## Material supplied
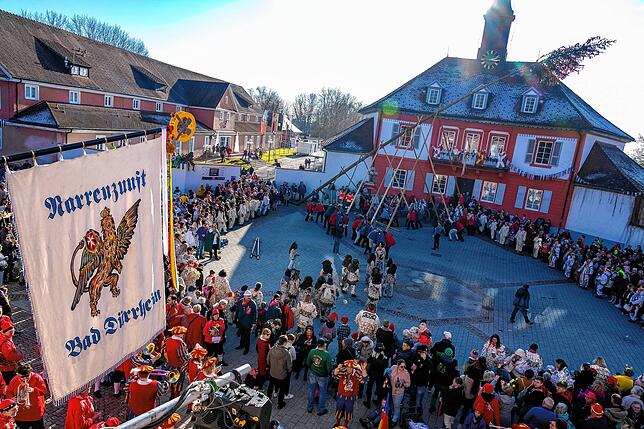 Bild 7: So wird der Narrenbaum am Samstag beim Narrentreffen in Bad Dürrheim aufgestellt!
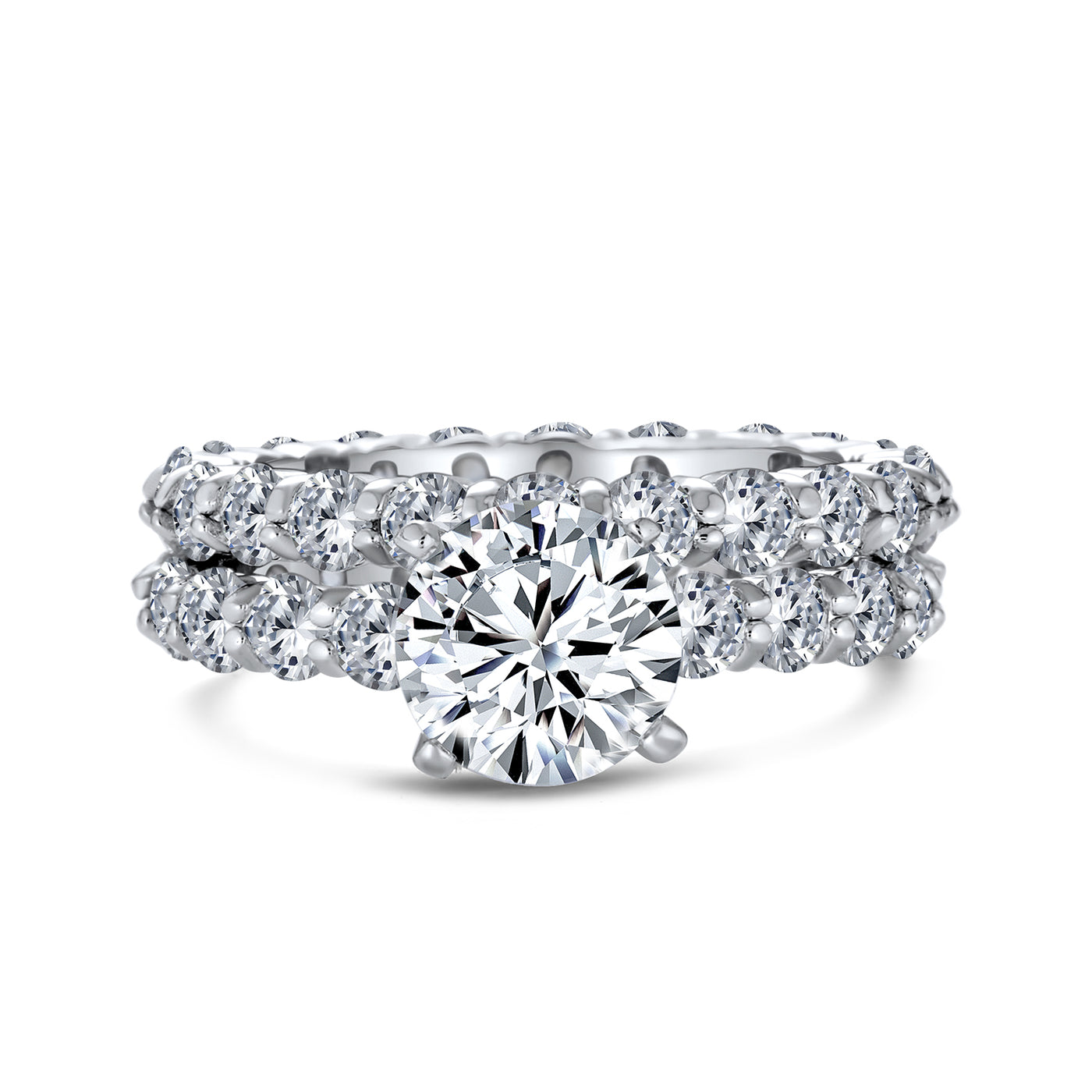 Statement Ring 3CT CZ Round Solitaire Eternity Band Silver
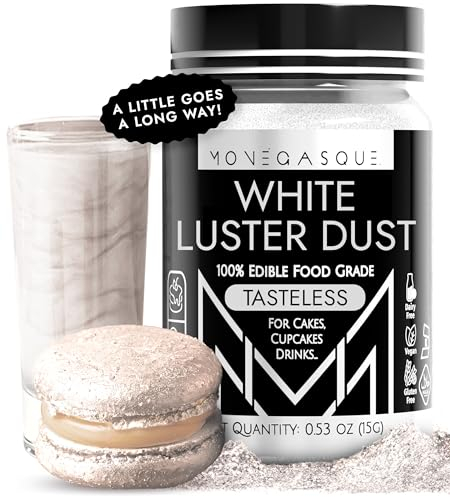 MONÉGASQUE White Edible Glitter for Drinks 15g – Edible Drink Glitter - Cocktail Glitter for Drinks - Edible Glitter for Cocktails - Lustre Dust Edible Glitter White - Edible Glitter for Cakes & Food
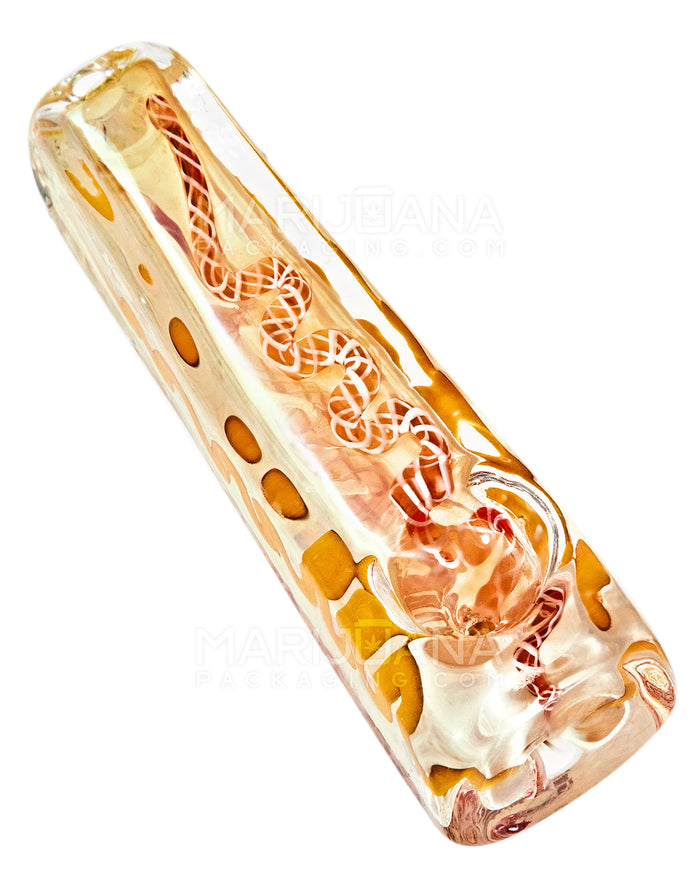 Ribboned & Gold Fumed Rectangle Steamroller Hand Pipe w/ Swirls | 3in Long - Glass - Assorted Image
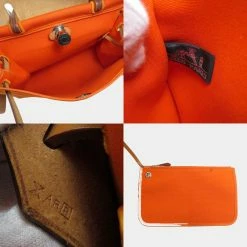 Hermes Ale Bag Zip 31 Orange Shoulder Toile Offiche / Leather Women's For Women -Deals Hermes Store luxury women hermes used handbags p625782 003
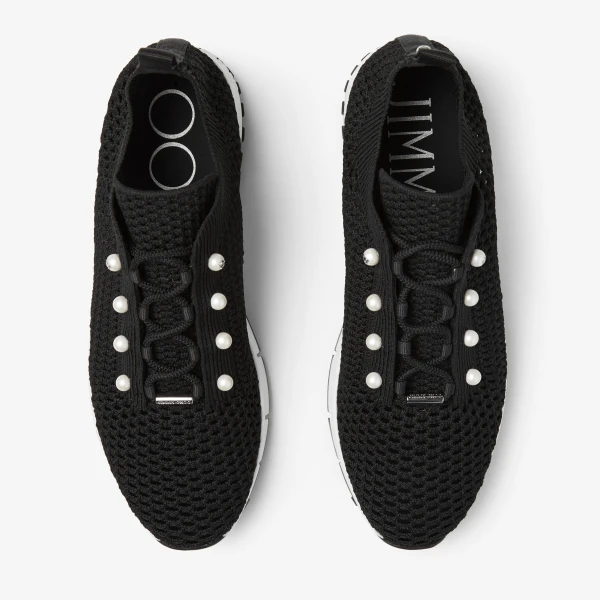 Black Mix Jimmy Choo Veles Trainers, view 4 | Sneakers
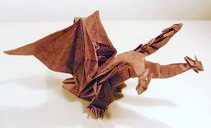 Origami King Ghidora - 3 headed dragon by Kozasa Keiichi on giladorigami.com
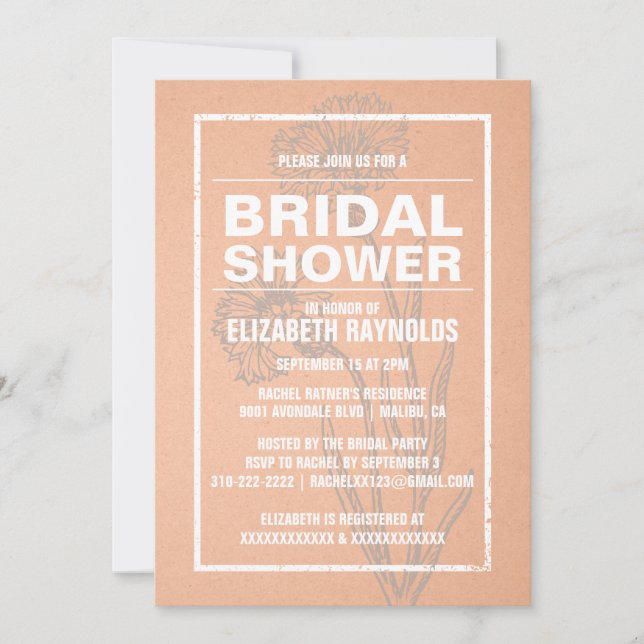Rustic Coral Bridal Shower Invitations (Front)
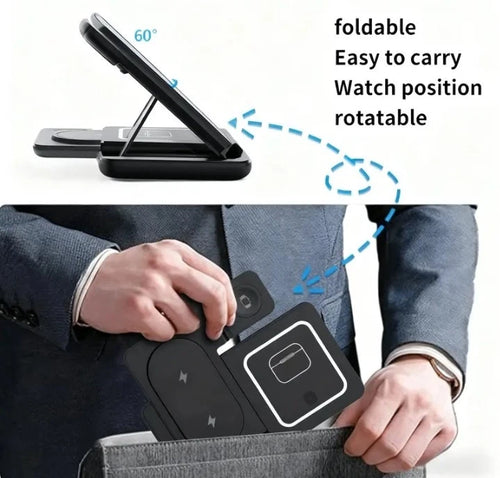 Foldable Wireless Charging Station Charger for Smartphone iPhone 11-17 & watch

## Task directions
Begin with the line containing "Hermes Ale Bag", stop at the last line of the records above, and copy every line in between exactly, both ends included, with no pictures.

## Solved exercise
 Hermes Ale Bag Zip 31 Orange Shoulder Toile Offiche / Leather Women's For Women -Deals Hermes Store luxury women hermes used handbags p625782 003
 Black Mix Jimmy Choo Veles Trainers, view 4 | Sneakers
 Origami King Ghidora - 3 headed dragon by Kozasa Keiichi on giladorigami.com
Rustic Coral Bridal Shower Invitations (Front)
 Foldable Wireless Charging Station Charger for Smartphone iPhone 11-17 & watch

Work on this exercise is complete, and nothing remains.